---------- Data excerpts ----------
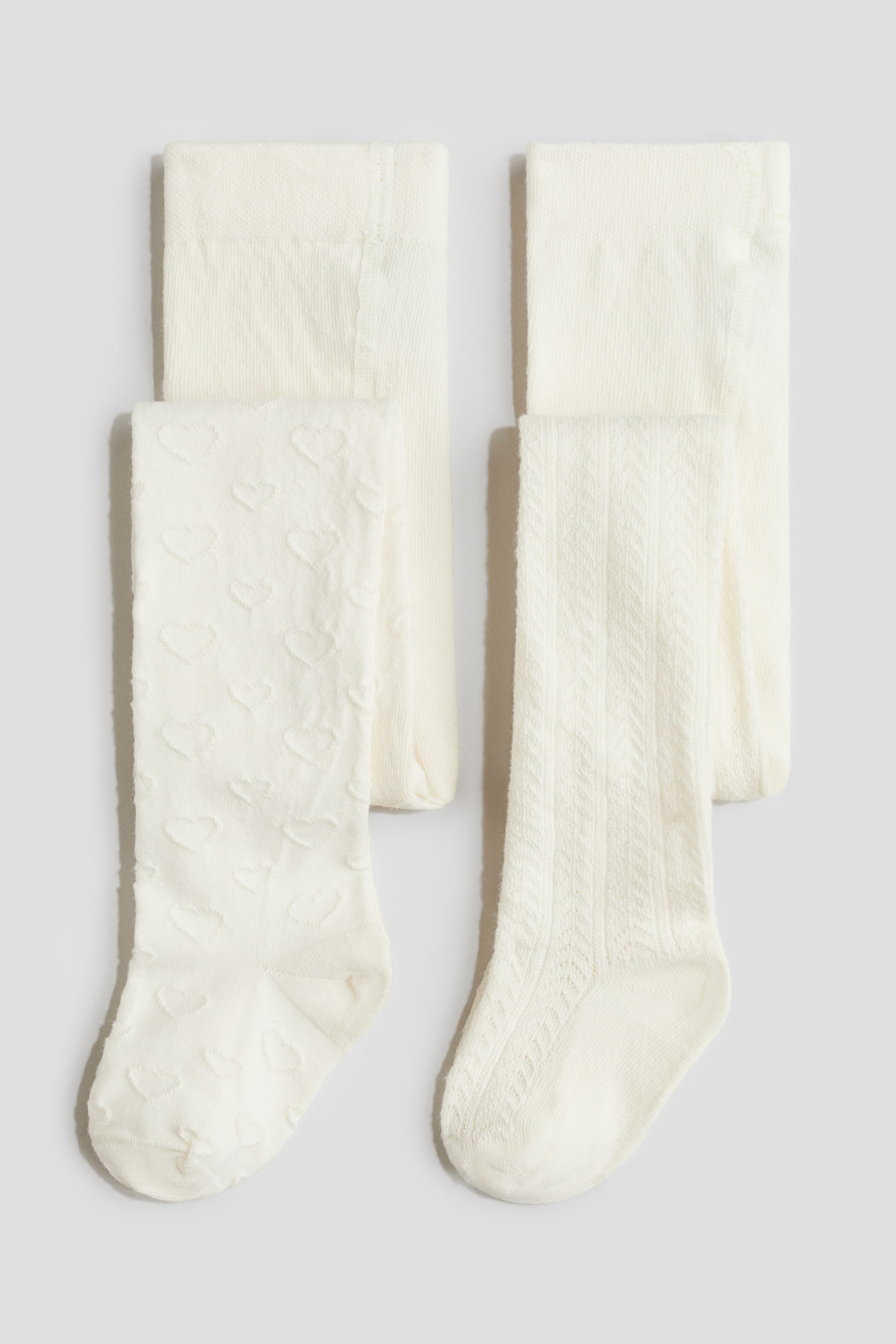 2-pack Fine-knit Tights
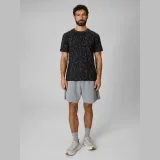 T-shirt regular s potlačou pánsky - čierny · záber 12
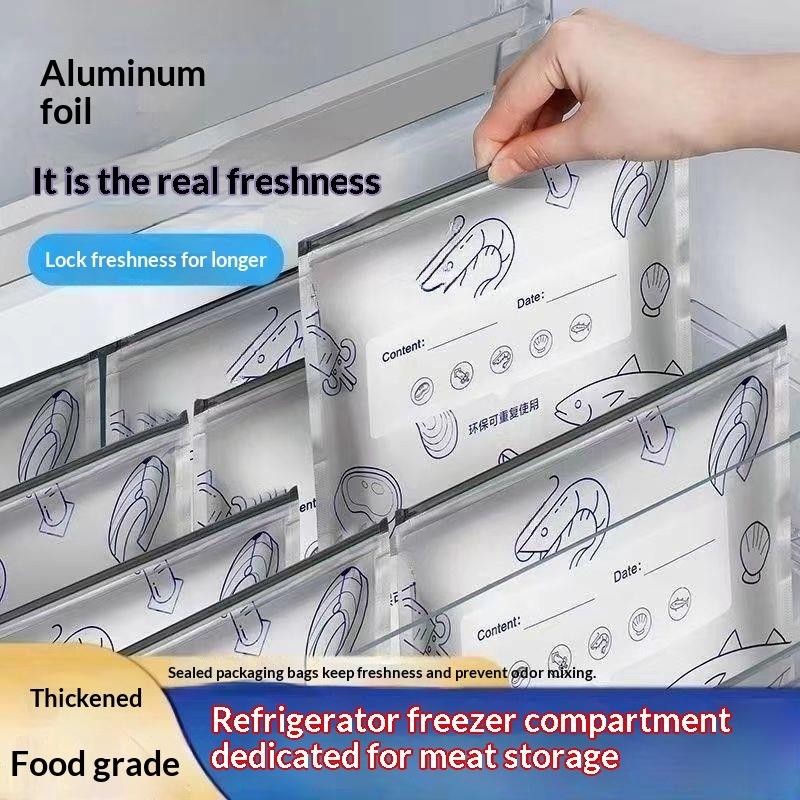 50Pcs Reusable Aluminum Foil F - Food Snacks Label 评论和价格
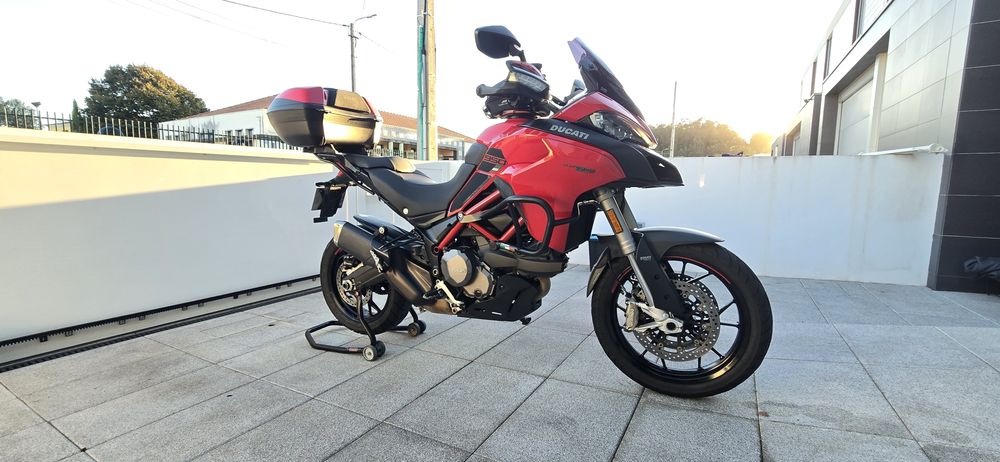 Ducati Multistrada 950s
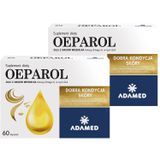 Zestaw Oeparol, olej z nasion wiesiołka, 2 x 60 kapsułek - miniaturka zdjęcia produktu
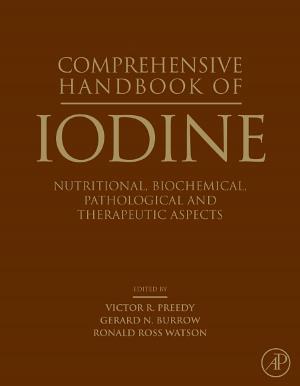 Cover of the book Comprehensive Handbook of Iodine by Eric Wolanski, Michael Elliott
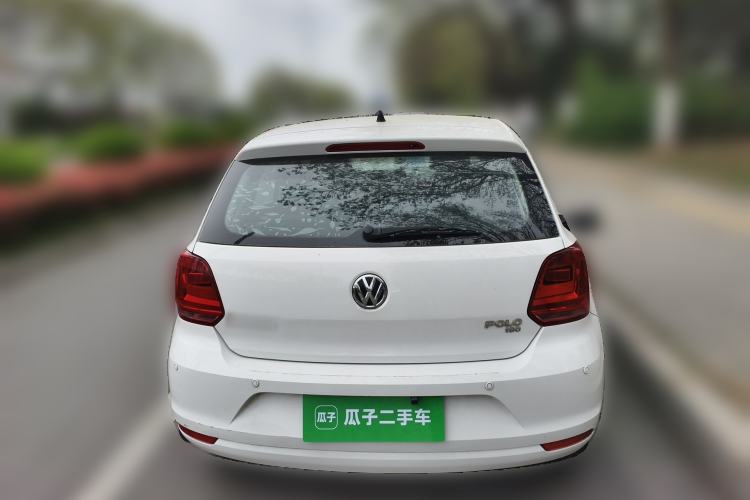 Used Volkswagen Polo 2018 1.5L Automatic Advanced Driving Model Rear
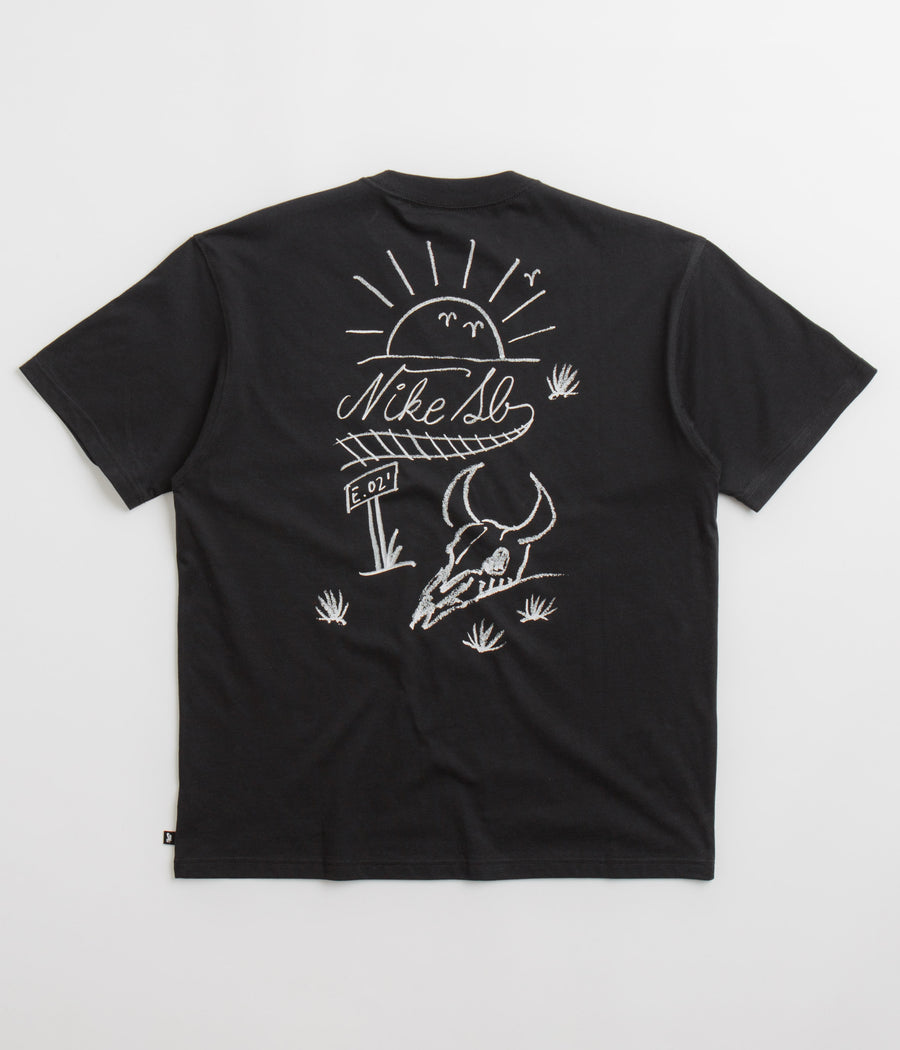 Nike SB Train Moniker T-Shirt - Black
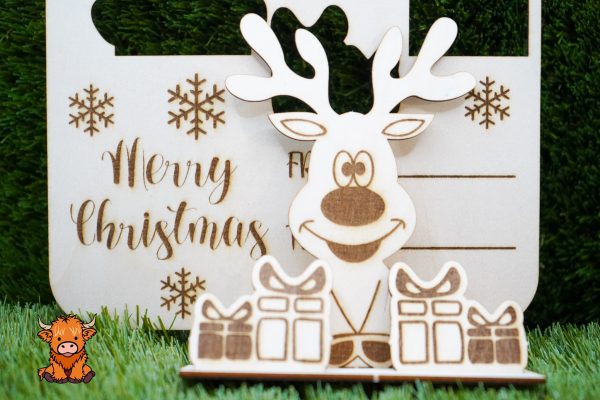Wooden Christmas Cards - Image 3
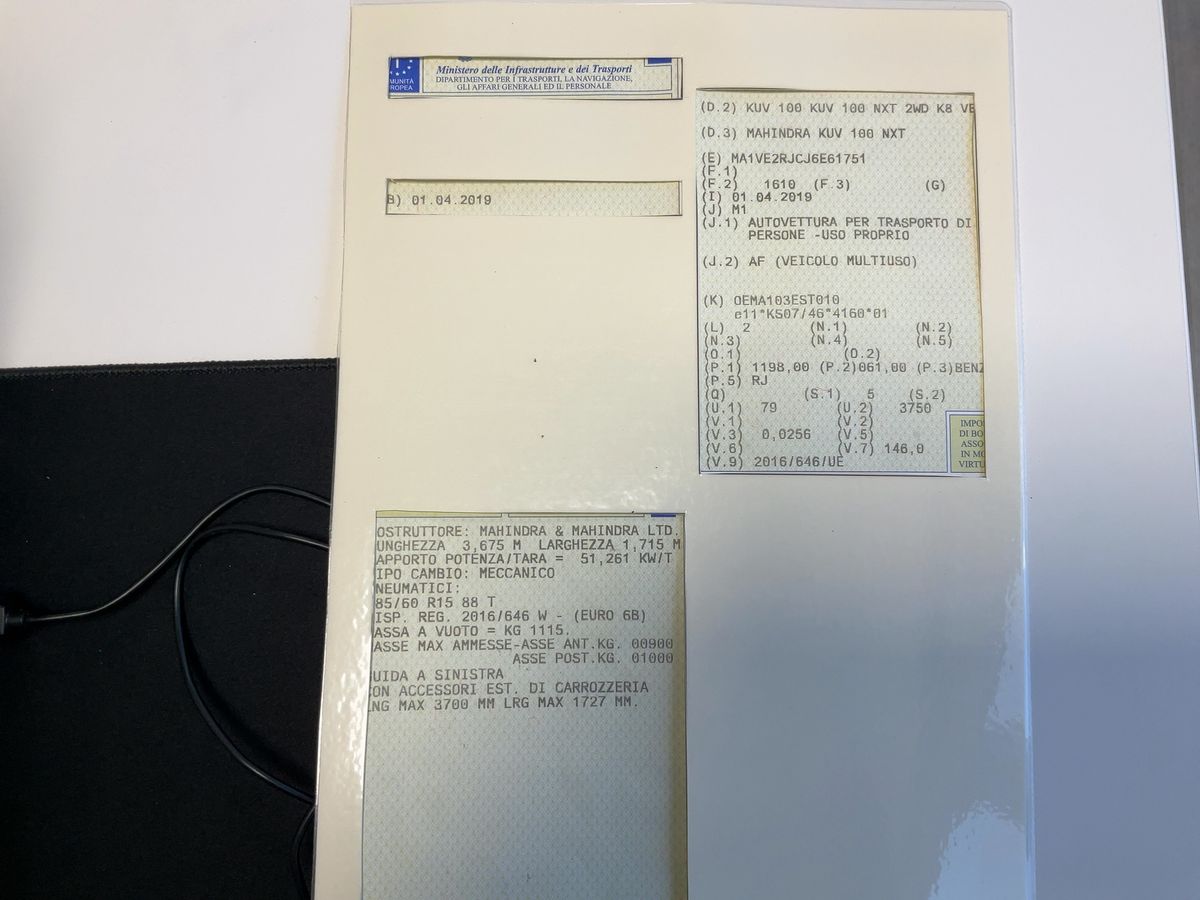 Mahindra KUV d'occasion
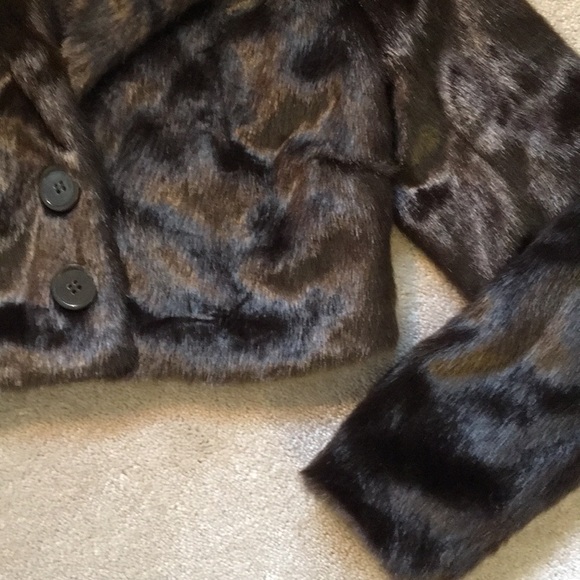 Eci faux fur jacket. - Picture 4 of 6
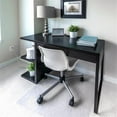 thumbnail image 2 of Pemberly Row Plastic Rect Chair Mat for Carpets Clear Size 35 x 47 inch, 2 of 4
----------
◆ Work to be completed ◆
Exact copies of the lines from the one containing "Wooden Christmas Cards - Image 3" through the end of the records above are required, with no pictures among them.

◆ Problem solution ◆
Wooden Christmas Cards - Image 3
 Mahindra KUV d'occasion
 Eci faux fur jacket. - Picture 4 of 6
 thumbnail image 2 of Pemberly Row Plastic Rect Chair Mat for Carpets Clear Size 35 x 47 inch, 2 of 4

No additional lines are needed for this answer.